My impression is the community has (or should) scale back on the ban on "non-trivial" original research—it doesn't seem to be mentioned in the Help section, though there are previous questions that reference some guidelines (e.g. 1, 2).

If such a prohibition is going to be enforced, there's really no excuse not to include it in the official Help section. In fact, burying community standards in a loose conglomeration of FAQs no-where referenced in the Help section, let alone featured, is not particularly sensible. Stack Exchange already has a bad rap for being unwelcoming to new members, but it's crazy that even complying with every stipulation in the official help section is insufficient to prevent a thoughtful, verifiable, and highly-upvoted answer (that was still improving based on feedback) from being swiftly deleted.

Presumably, the intent of any such restriction would be to limit answers that cannot be reasonably evaluated by non-expert members of the community—a good general guideline, but one that can easily be abused or unevenly applied, and lead to the suppression of potentially important information germane to the question. When in doubt, the community should be presented with more information, not less.

Problems with banning code

More generally, I would think there is something very wrong with a community of skeptics that explicitly prohibits referencing primary source data to find answers—a consequence that is almost inescapable by repressing answers that use code to communicate. This is particularly true when a question:

  • Has several external secondary sources that apparently contradict each other
  • No sources directly address the question that could be found in the data with some amount of processing or calculation
  • Is a question an expert would not bother addressing, let alone publishing
  • Expertise in the question domain is limited, if it exists

Providing code perfectly states what assumptions are being made, is reproducible, and is peer reviewable, besides empowering users to find their own answer, features that every answer should exhibit if applicable.

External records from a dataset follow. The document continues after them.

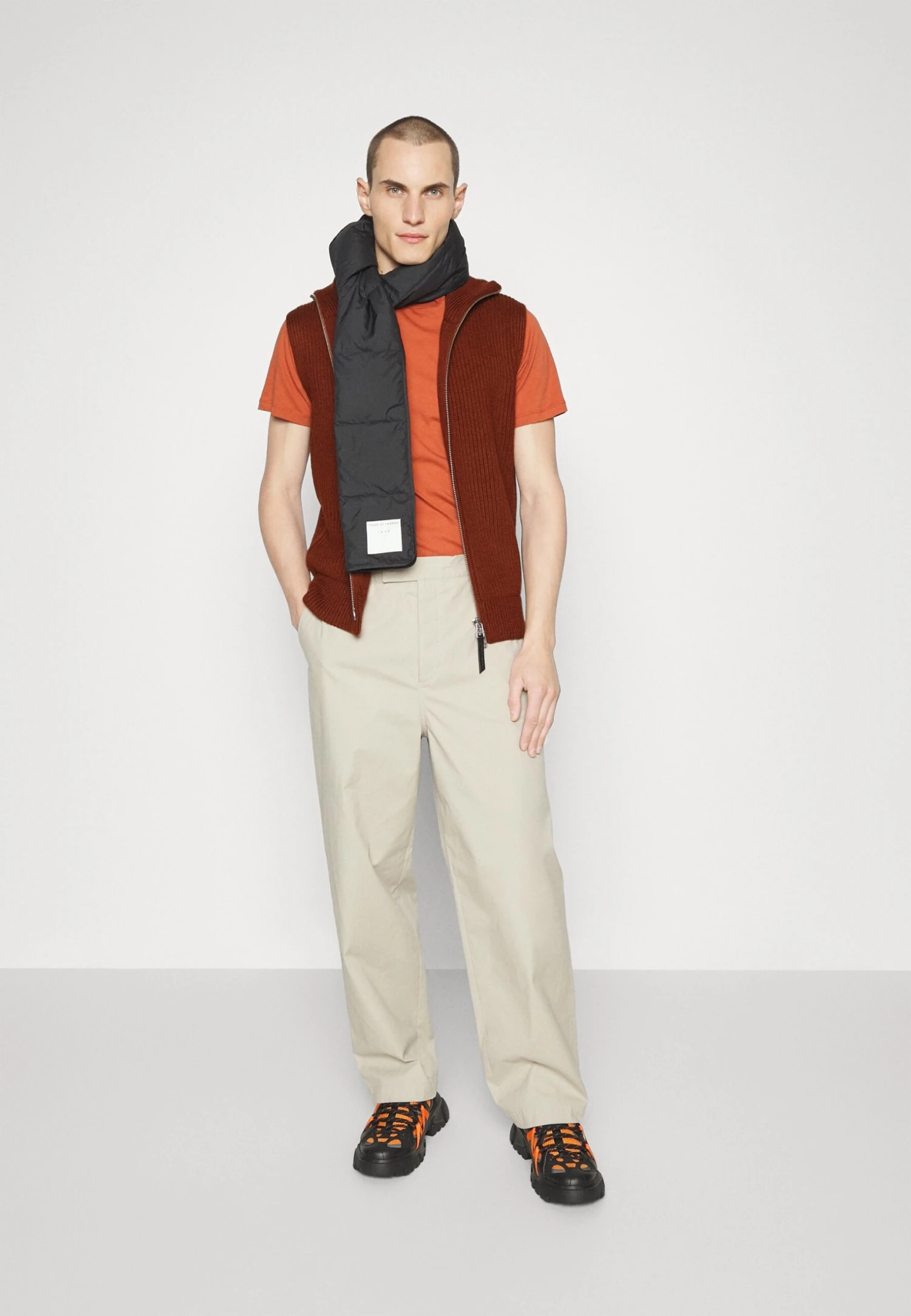 Tiger Of Sweden Alwin - Bodywarmer - Argan Oil 4 Tiger Of Sweden Alwin - Bodywarmer - Argan Oil - Afbeelding 2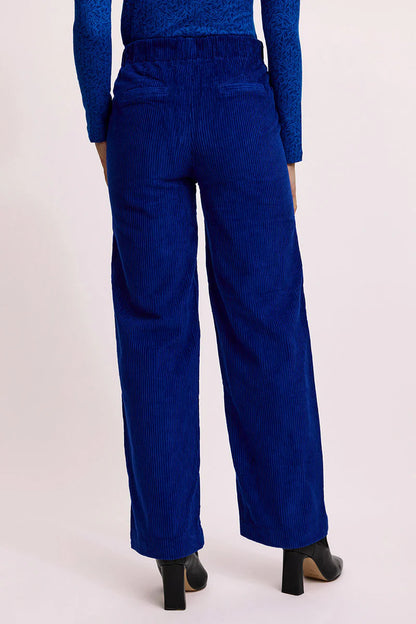Cord-Hose in Tintenblau von Tranquillo
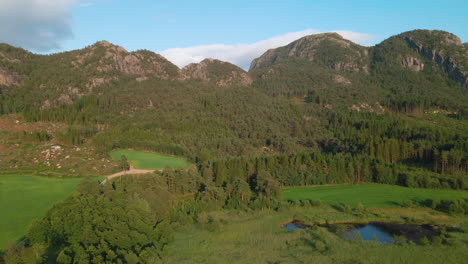 Perfecto-Paisaje-Verde-Brillante-Bosque-Montañoso-De-Rogaland,-Noruega--aéreo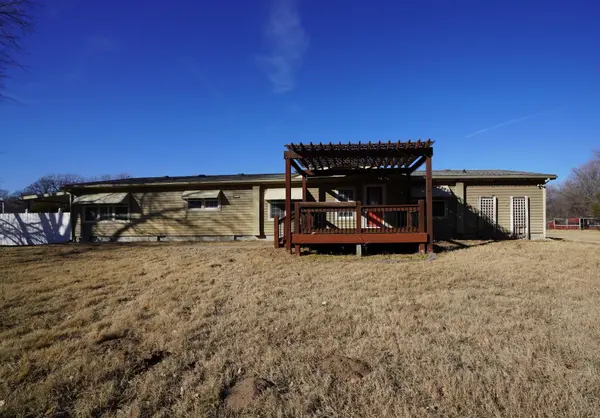 220 W Nicole,  Haysville,  KS 67060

I consider it a very dangerous precedent to repress answers that meet these criteria.

Why the referenced answer should not be banned, even under current rules

In the case of the answer you referenced, I would say that tabulation is trivial enough that it would not require a "community of experts" to verify or understand—the only calculation is addition and could be easily be performed manually. We can even break down the relevant sections of the applicable (if potentially apocryphal) rule:

It is up to the answerer to provide valid, verifiable and potentially replicable evidence, and to show convincingly that it is relevant to the question.

Nothing does this better than code.

Every answer should be suitable for review and voting by our community of experts in evaluating evidence.

The results of the code, including the assumptions made, were clearly communicated in both the code and the results table. There was no black-box that non-programmers could not understand. The results even mirrored those published by the GfdS, the official German state-sponsored association for language.

Answers which require non-trivial specialist expertise or are anecdotal in nature are not acceptable due to the nature of this community.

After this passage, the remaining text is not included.